By Cindy Jackson
January 28, 2021
“This is a historic night for Nassau County,” commented Board of County Commission Chair Thomas Ford at the BOCC meeting of January 26, 2021.
Two important resolutions were unanimously passed that will go a long way in helping Nassau County control its own destiny. The first mandates the preparation and maintenance of a Parks Recreation and Open Space Master Plan to guide the development and maintenance of County parks and recreation facilities.
The second resolution approved will create the Nassau County Conservation Lands Acquisition and Management Program or CLAM.
The North Florida Land Trust (NFLT) has been a critical partner in helping the County to develop a conservation plan. Part and parcel of the grand plan was the introduction of a strategic process to “identify, rank, and assess lands for acquisition and management.”
In addition to the NFLT, the Trust for Public Land and other experts in the field, 300 Nassau County residents were also active participants in the process.
In fact, as a result of its work with the NFLT and others, just last year (2020) the Department of Planning and Economic Opportunity was presented with the Northeast Florida Regional Council Award for Excellence in Environmental Stewardship as a result of its work in the development a Conservation Land Acquisition and Management Plan. When the CLAM plan is discussed often mentioned is the fact that Nassau County currently has only 7% of its land preserved while the average for all of Florida counties is 29%.

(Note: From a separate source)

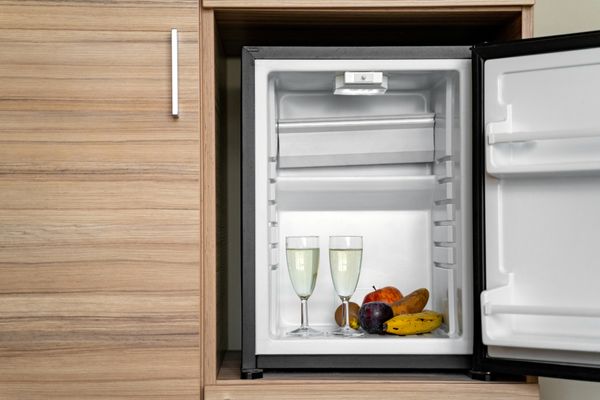 A close-up of a built-in beverage refrigerator in a wooden cabinet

Said Taco Pope, County Manager, “A few years ago I made the comment that before my time is up in Nassau County, I want to accomplish three things: a land use plan for West Nassau County, a redevelopment plan for State Road 200 and a land acquisition program. This is a monumental step forward for the community.”

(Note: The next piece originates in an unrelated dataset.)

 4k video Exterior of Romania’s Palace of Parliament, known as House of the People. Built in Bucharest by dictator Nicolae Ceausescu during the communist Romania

It was another longtime County partner, David Barth of Barth and Associates who made the presentation regarding the Parks, Recreation and Open Space Master Plan (PROSMP). His presentation included an analysis of existing conditions, a needs assessment, a long-range vision and a phased implementation strategy.
During his talk, he commented that “Nassau County has gone beyond just boat ramps and ballfields.”

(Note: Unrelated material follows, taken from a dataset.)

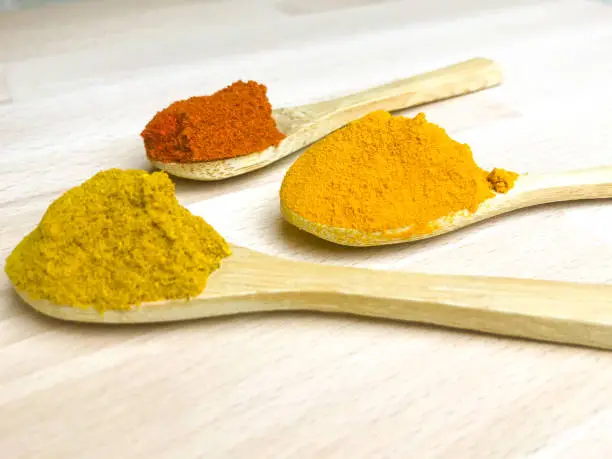 Spices on teaspoons, curry, turmeric, paprika.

The price tag for what his study envisions for the County – some $138 million over ten years. Regional parks, an indoor recreation center, a centralized aquatics center, more bikeways and hiking trails . . . better stormwater management and a conservation network are just a few items outlined in his report. Finding the right funding mechanisms to generate revenues and minimize costs was also an important component of his discussion.
As to the estimated $140 million (over ten years) needed to realize the plan, said Barth, “you eat an elephant just one bite at a time.”
Said Commissioner Jeff Gray, representing District 3, said, “This is a long, long-range plan.”